Я киваю, ориентируясь больше на тон его голоса, чем на вопрос, и это заставляет меня желать теплый шоколад. Я моргаю несколько раз, а он просто отпускает меня и вновь становится охранять дверь.
— Подожди, — говорю я, приподнимаясь на локтях. — Что это было?
Глядя на него, я вижу тень улыбки на его губах, но он не поворачивается, чтобы посмотреть на меня.
— Одевайся, Эмили. У нас всего несколько минут до начала сражения.
Ошеломленная и слегка смущенная от использования моего настоящего имени, я перекатываюсь на раскладушке и встаю, игнорируя боль в спине. Раскладушка — не лучшее место для сна, но это лучше, чем матрас, раскладывающийся из стены у меня дома. По крайней мере, здесь нет никаких пружин, колющих, словно ножом, мои органы.
Я опускаю взгляд на джинсовые шорты и белую майку в своих руках. Я буду выглядеть нелепо в этом. Слава Богу, здесь темно, и каждый будет видеть просто белый цвет, а на самом деле, когда в последний раз я брила ноги? Я съеживаюсь от этой мысли.

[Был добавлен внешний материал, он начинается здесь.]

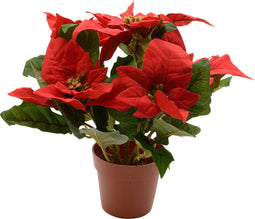 Poinsettia zijde pot d16h27 cm kerstrood
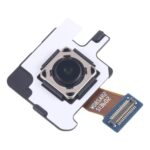Cámara Trasera para Samsung Galaxy Tab S9 FE+ 5G SM-X616 / X610 - Imagen 2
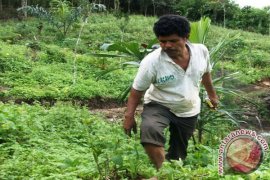 Lalat Buah Ancaman Bagi Jeruk Keprok 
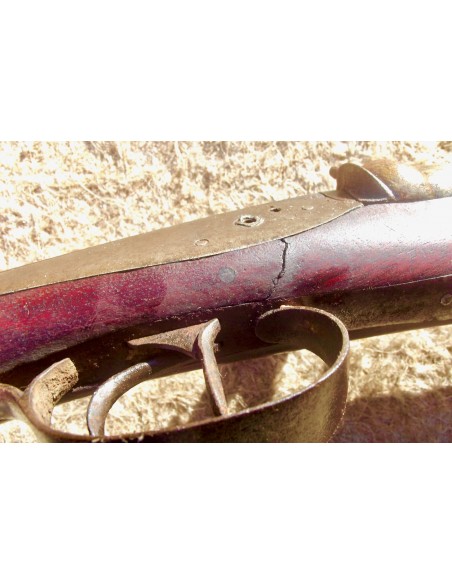 FUSIL DE CHASSE JUXTAPOSE A PERCUSSION CROSSE POLYCHROME.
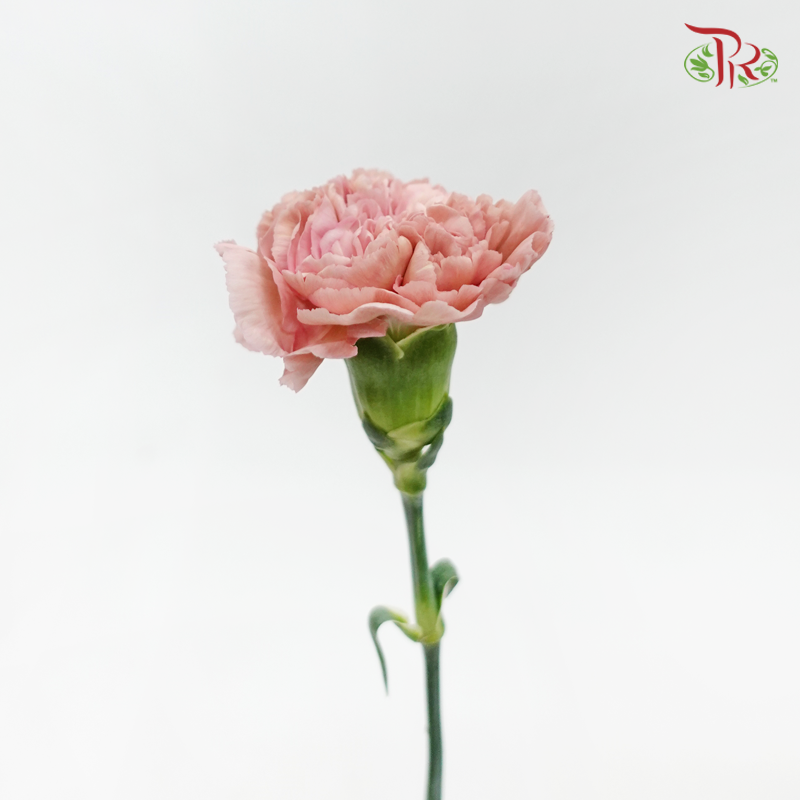 Carnation New Variety - Lege Pink (18-20 Stems)-Pink-Vietnam-prflorist.com.my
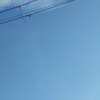 また無くした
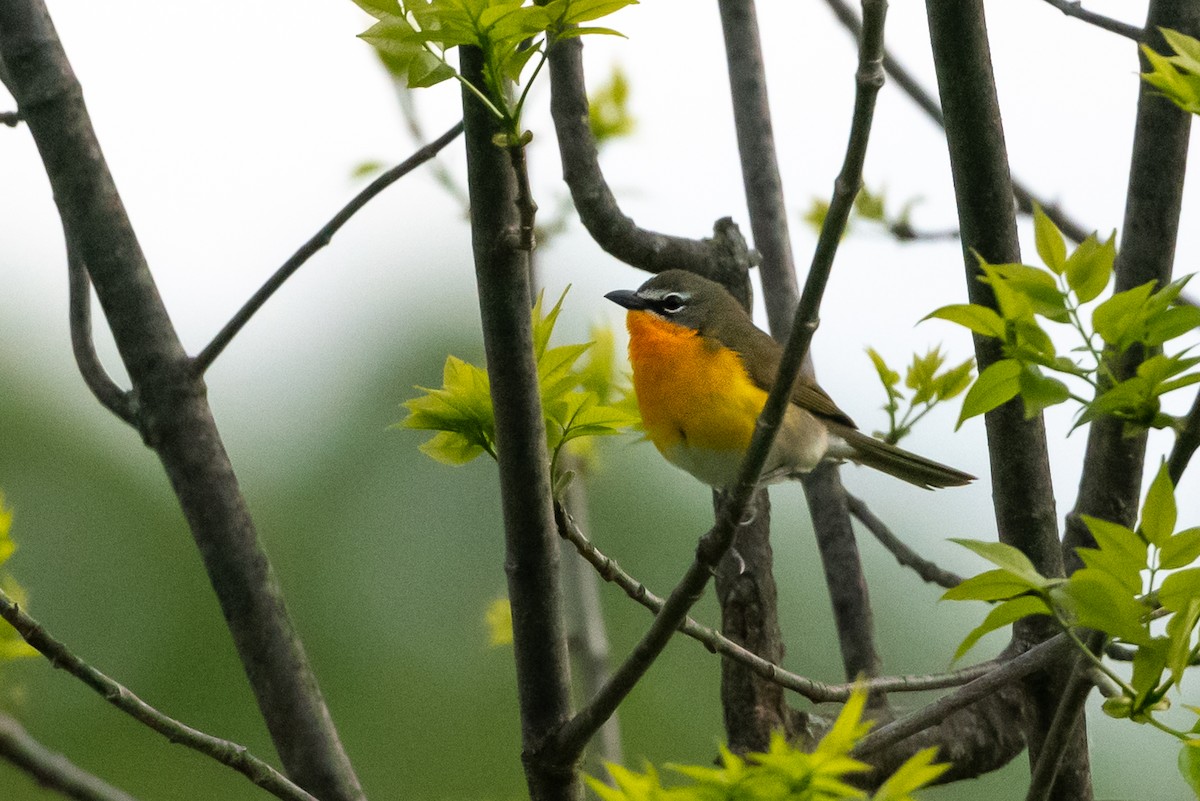 Yellow-breasted Chat - ML609264296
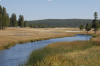 Tree plantings in Idaho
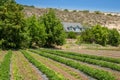 Urban Farming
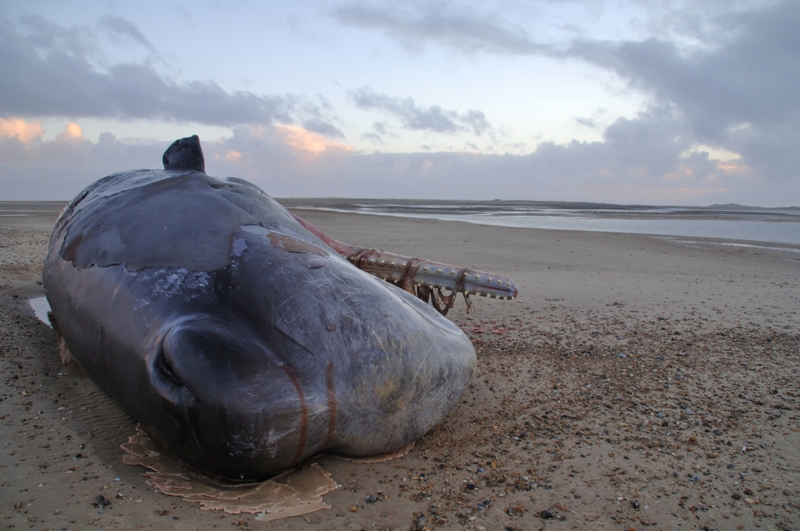 Dead Sperm Whale washed up on Scolt Head Island North Norfolk Feb 2006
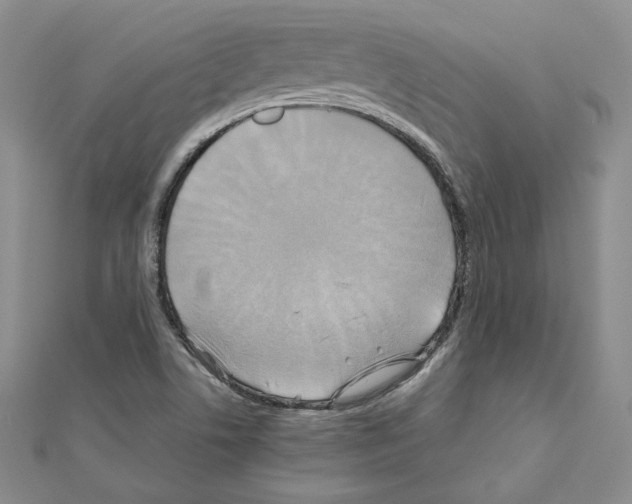 X0000110971506200907310918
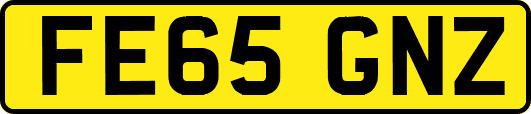 FE65GNZ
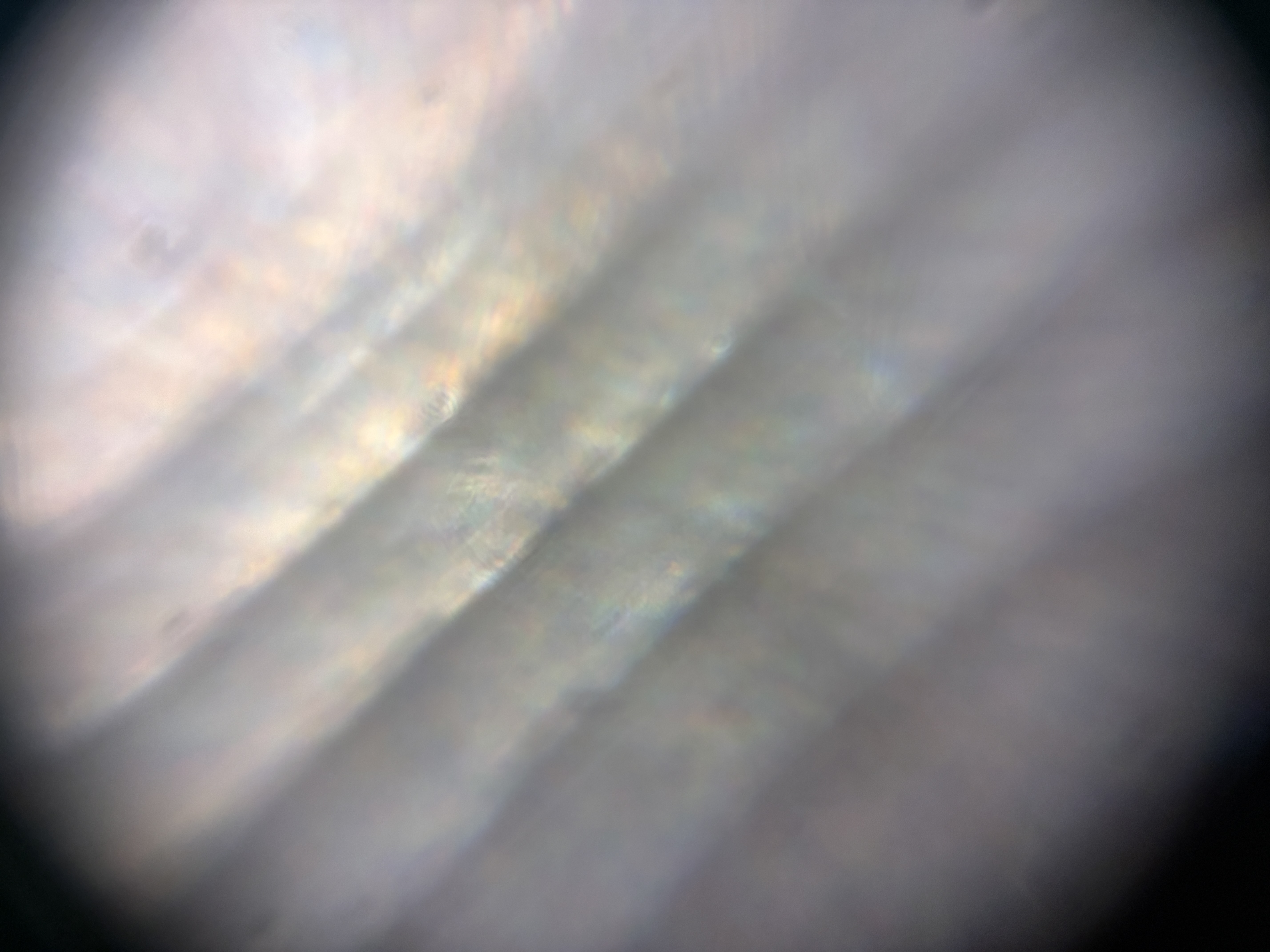 post_media%2F8zwFauxfdMONJS4hNkLMb4OmNF92%2Fnopid%2Fp0d543heb1_IMG_4775.JPG?alt=media&token=0fc85f51-e83e-446b-b9b0-642739cc2eaa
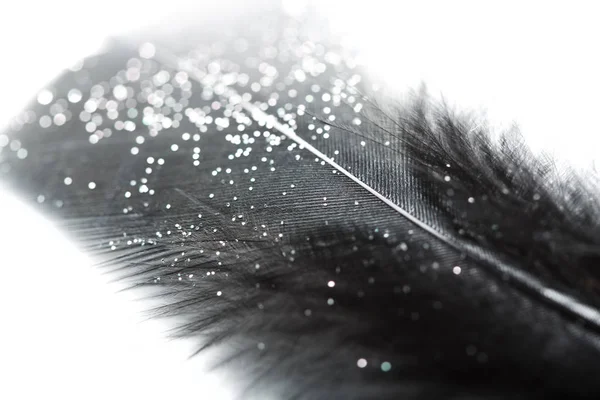 black feather on white background. feathers, chicken feathers background texture. Abstract background.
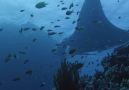 Remora Balıkları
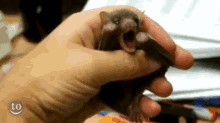 Itty Bitty Yawn Committee GIF - Bats Babies Yawn GIFs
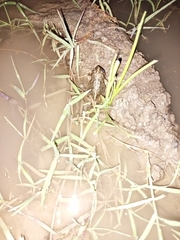 Tomopterna kachowskii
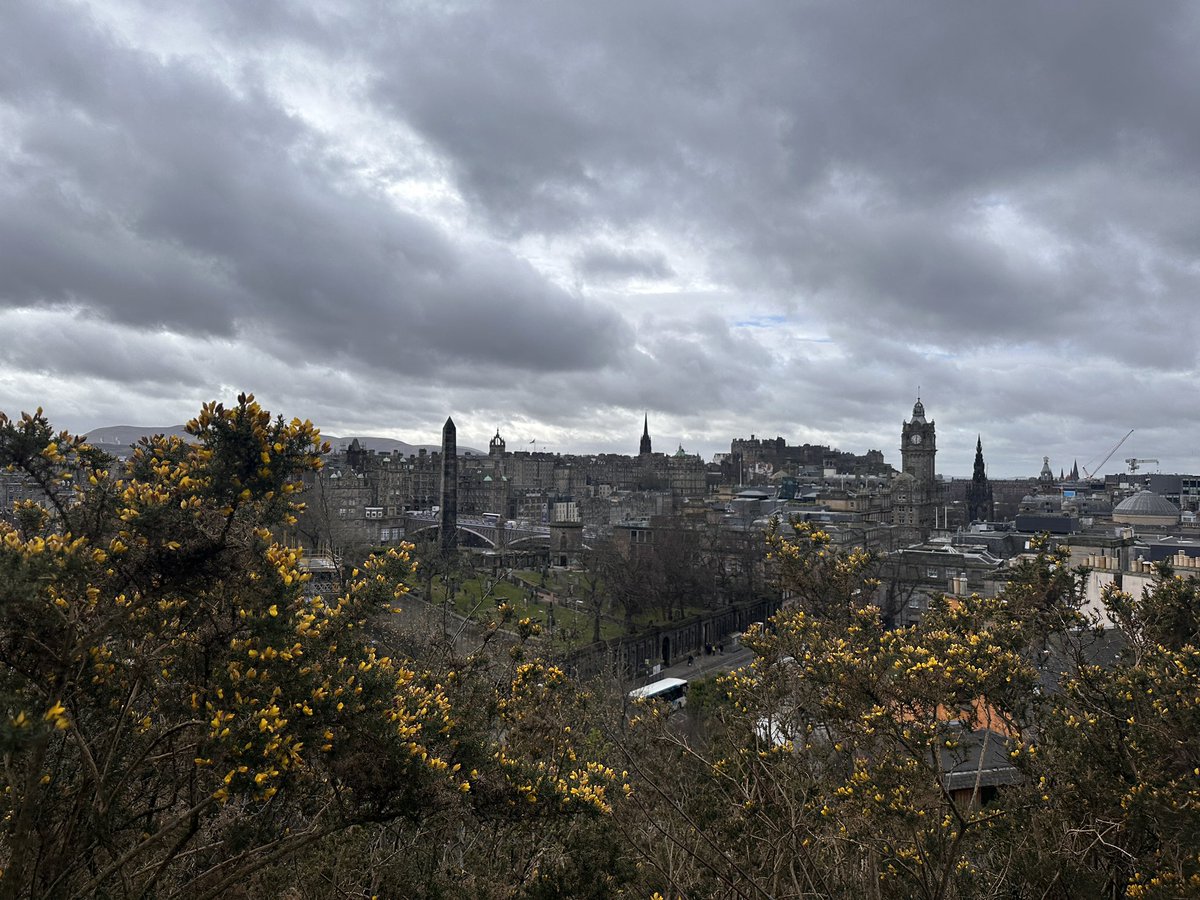 nida 𓃹 tweet media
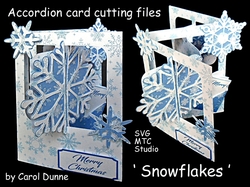 AC Snowflakes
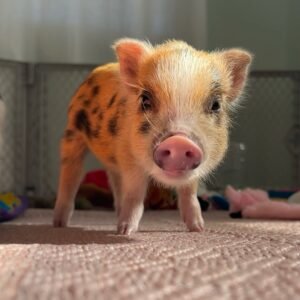 Bella - Sweet Mini Piglet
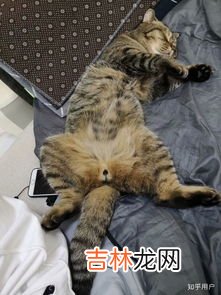 猫咪为什么不让摸肚子,为什么猫咪的肚子摸不得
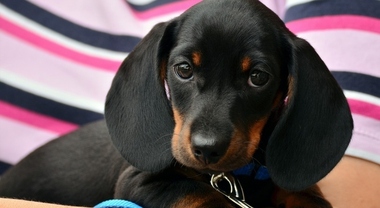 Cinque gesti che i cani fanno ogni giorno (e cosa ci stanno davvero dicendo)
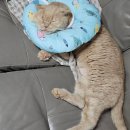 신성메디칼 | [SUB수술]고양이 요로결석(요로폐색)으로 인한 SUB 수술 후기(1)
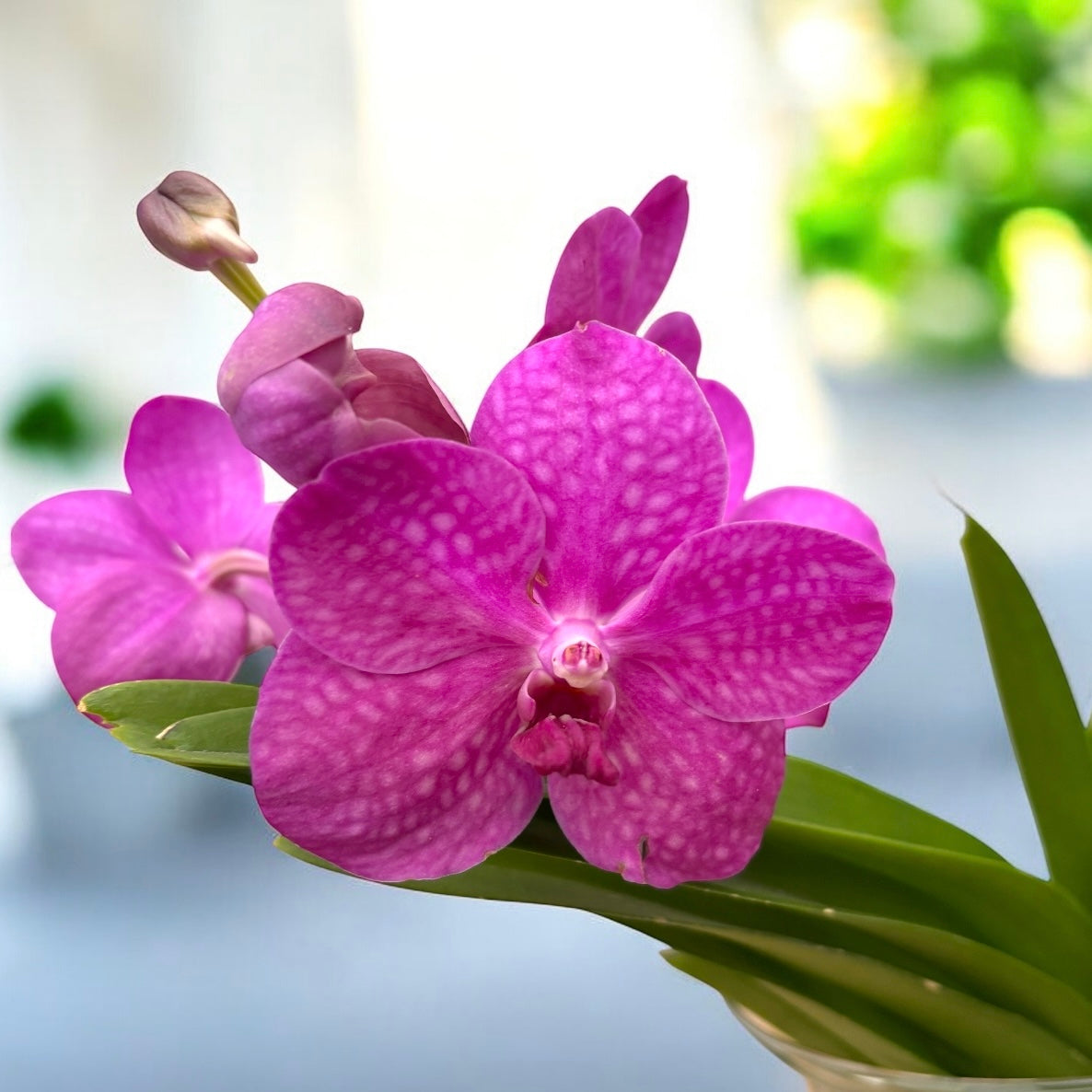 Vanda TAYANEE Cerise (Ansu)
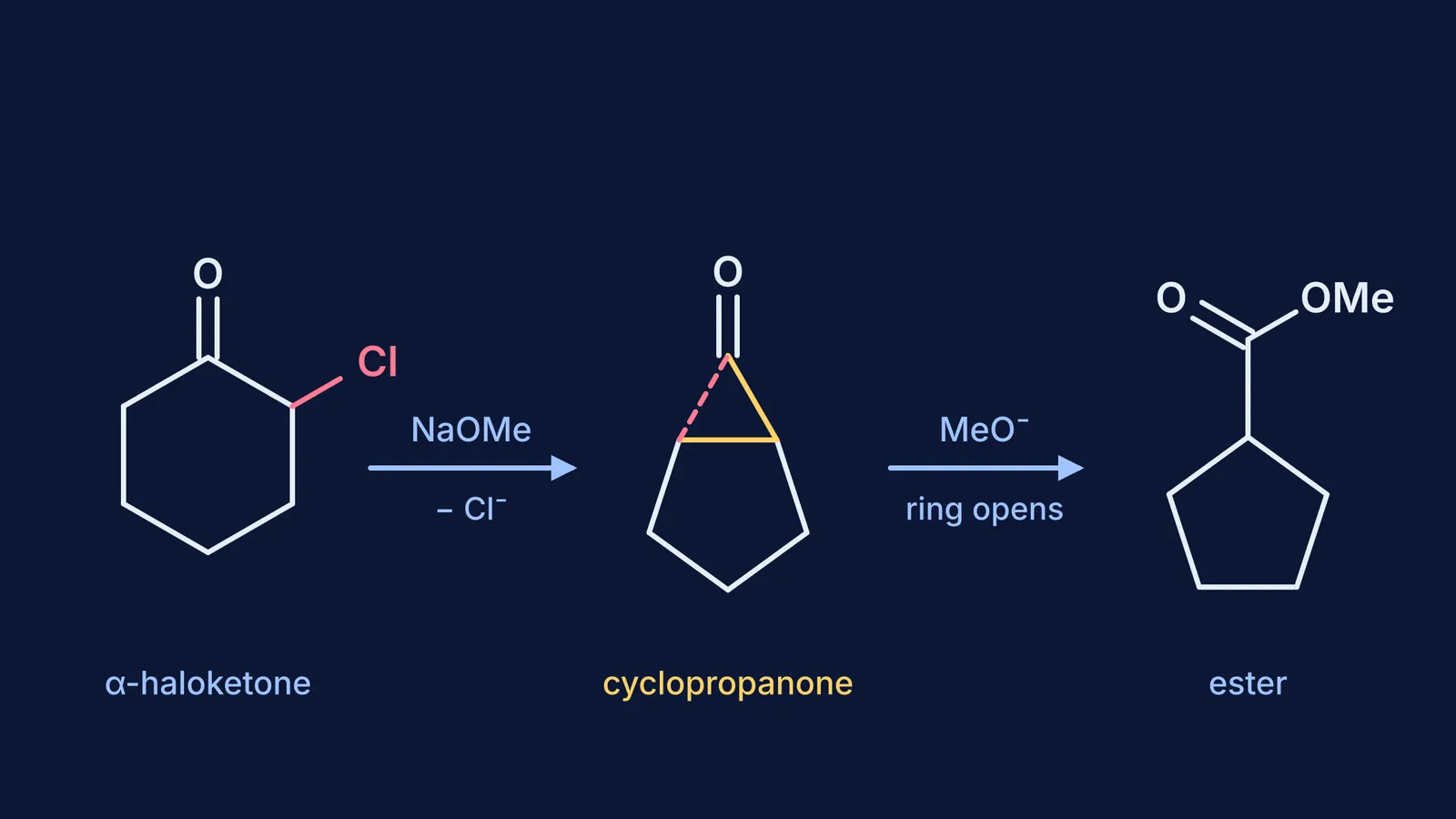 2-chlorocyclohexanone forms a fused cyclopropanone, then opens to a cyclopentane ester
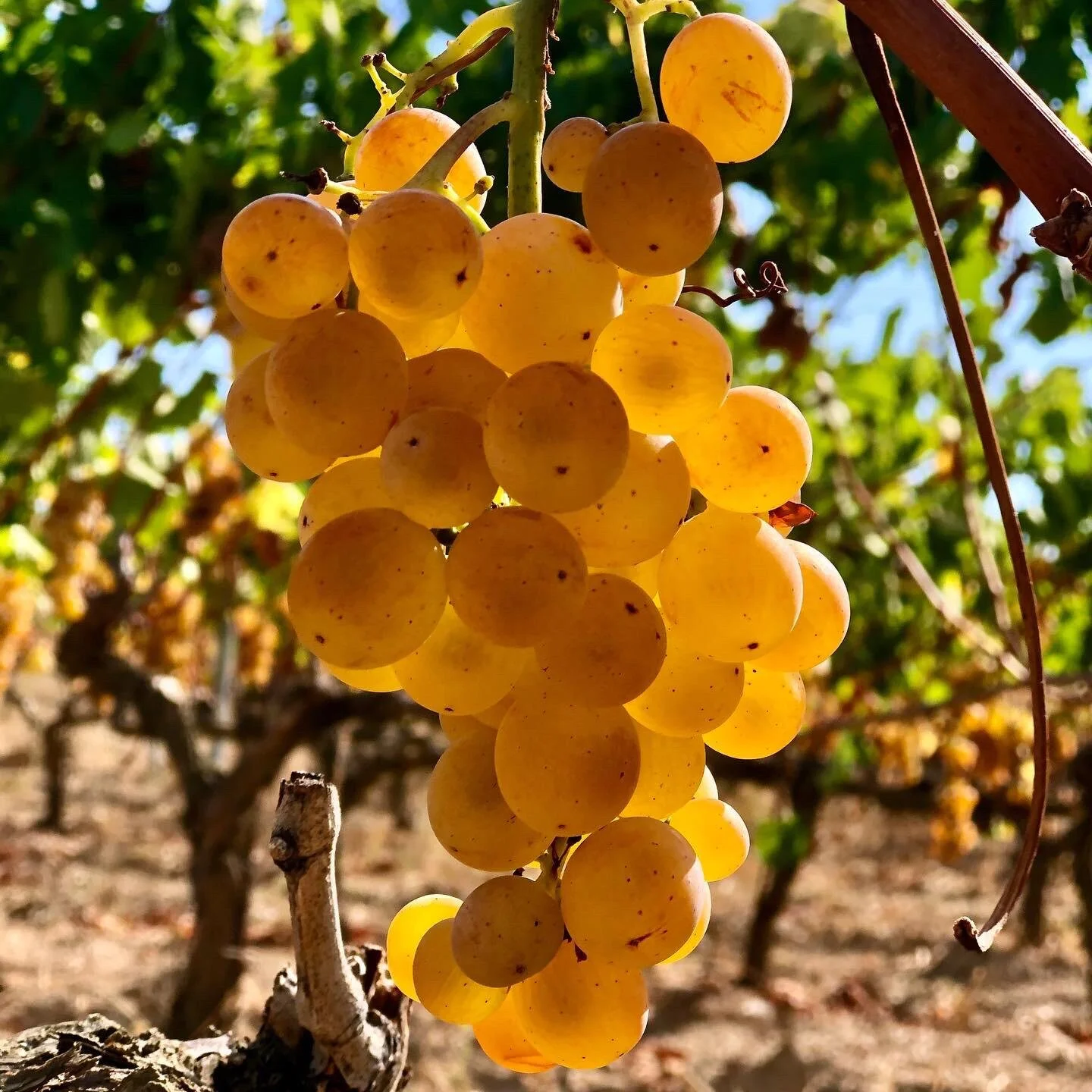 Narince -土耳其原生葡萄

В рекордные сроки я стаскиваю свою форму и бросаю ее в углу комнаты. Я борюсь, пытаясь спустить штаны через черные кроссовки, но к счастью, когда сажусь на край своей раскладушки, успеваю через обе ноги снять все без особых препятствий. Большинство людей снимают обувь, прежде чем надеть брюки, но нет никакого гребаного способа, чтобы я стояла босыми ногами на влажной земле.
Удивительно, но кнопка на джинсовых шортах легко застегнулась. Я провожу пальцем по краям шорт и заглядываю на свою задницу через плечо. Не похоже, что нижняя часть моей задницы выглядывает. Я провожу ладонями вниз по нижней части трусиков, чтобы подтвердить это. Моя задница не выглядывает. Кто бы мог подумать, что до сих пор производятся короткие джинсовые шорты, прикрывающие задницу? Это чудо. Когда я оглядываюсь назад, вижу пару синих глаз, смотрящих на мой живот и грудь. Я замираю, не в силах помочь своим бровям, которые сходятся вместе по собственному желанию. Хотя, пойманный с поличным Джай, не отворачивается. Вместо этого его взгляд следует по невидимой линии от моего декольте к горлу и лицу. Конечно же, я ношу свой наименее привлекательный бюстгальтер. Почему не кружевной? Почему выбрала тот, что из хлопка? Мое горло пересыхает, щеки горят, а пальцы подрагивают, но я не закрываюсь. Я пытаюсь проанализировать его выражение лица, но он не дает никаких признаков того, что мое тело ему нравится. Не то чтобы я хочу этого... или, может, хочу. Я не знаю. Я никогда не была так смущена в своей жизни.